### Requirement:
Output, please, exactly those lines of the listing that come before the line with "Egg Beater Baking", along with that line itself.

### Provided information:
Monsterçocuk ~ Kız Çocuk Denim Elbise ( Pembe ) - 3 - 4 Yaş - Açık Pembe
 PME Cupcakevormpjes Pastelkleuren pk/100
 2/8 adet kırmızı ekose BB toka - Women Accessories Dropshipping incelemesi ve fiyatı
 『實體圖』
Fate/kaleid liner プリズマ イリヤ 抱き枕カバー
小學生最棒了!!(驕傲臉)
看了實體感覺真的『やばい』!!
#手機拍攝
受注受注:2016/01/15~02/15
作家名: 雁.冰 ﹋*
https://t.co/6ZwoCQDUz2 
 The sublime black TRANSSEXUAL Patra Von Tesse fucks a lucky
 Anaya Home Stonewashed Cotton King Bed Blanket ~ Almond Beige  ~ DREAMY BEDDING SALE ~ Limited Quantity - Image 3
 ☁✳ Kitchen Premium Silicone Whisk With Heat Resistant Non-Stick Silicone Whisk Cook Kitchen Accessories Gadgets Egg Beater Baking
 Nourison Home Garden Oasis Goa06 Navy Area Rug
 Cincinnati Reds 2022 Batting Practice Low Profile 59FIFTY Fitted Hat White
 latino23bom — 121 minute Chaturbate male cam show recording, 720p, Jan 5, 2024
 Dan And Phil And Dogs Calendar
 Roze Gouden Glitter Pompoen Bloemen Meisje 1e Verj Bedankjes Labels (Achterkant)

### Solution to the problem:
Monsterçocuk ~ Kız Çocuk Denim Elbise ( Pembe ) - 3 - 4 Yaş - Açık Pembe
 PME Cupcakevormpjes Pastelkleuren pk/100
 2/8 adet kırmızı ekose BB toka - Women Accessories Dropshipping incelemesi ve fiyatı
 『實體圖』
Fate/kaleid liner プリズマ イリヤ 抱き枕カバー
小學生最棒了!!(驕傲臉)
看了實體感覺真的『やばい』!!
#手機拍攝
受注受注:2016/01/15~02/15
作家名: 雁.冰 ﹋*
https://t.co/6ZwoCQDUz2 
 The sublime black TRANSSEXUAL Patra Von Tesse fucks a lucky
 Anaya Home Stonewashed Cotton King Bed Blanket ~ Almond Beige  ~ DREAMY BEDDING SALE ~ Limited Quantity - Image 3
 ☁✳ Kitchen Premium Silicone Whisk With Heat Resistant Non-Stick Silicone Whisk Cook Kitchen Accessories Gadgets Egg Beater Baking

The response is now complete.